=== Data provided ===
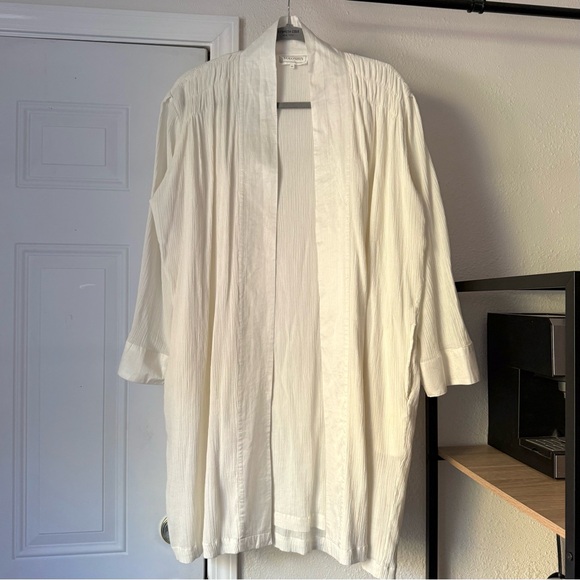 voloshin Tops - VOLOSHIN off‎ white gauze cotton kimono cover up long sleeve jacket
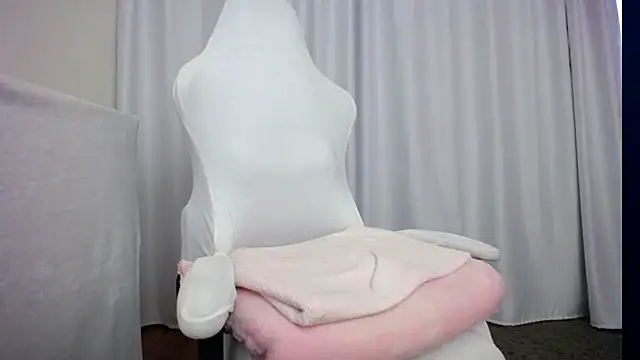 Snapshot of faceless_ chatting on 10-13-25, 08:03 faceless online show from 10-13-25, 08:03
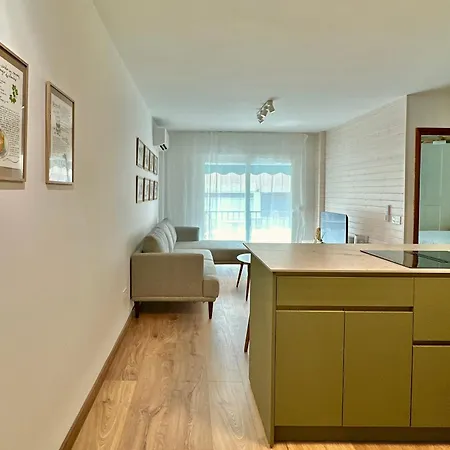 Apartment La Casita 2br - Pool, Parking & Aircon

=== Problem to work on ===
What is needed is a verbatim copy of the material, minus its pictures.

=== Your response ===
 voloshin Tops - VOLOSHIN off‎ white gauze cotton kimono cover up long sleeve jacket
 Snapshot of faceless_ chatting on 10-13-25, 08:03 faceless online show from 10-13-25, 08:03
 Apartment La Casita 2br - Pool, Parking & Aircon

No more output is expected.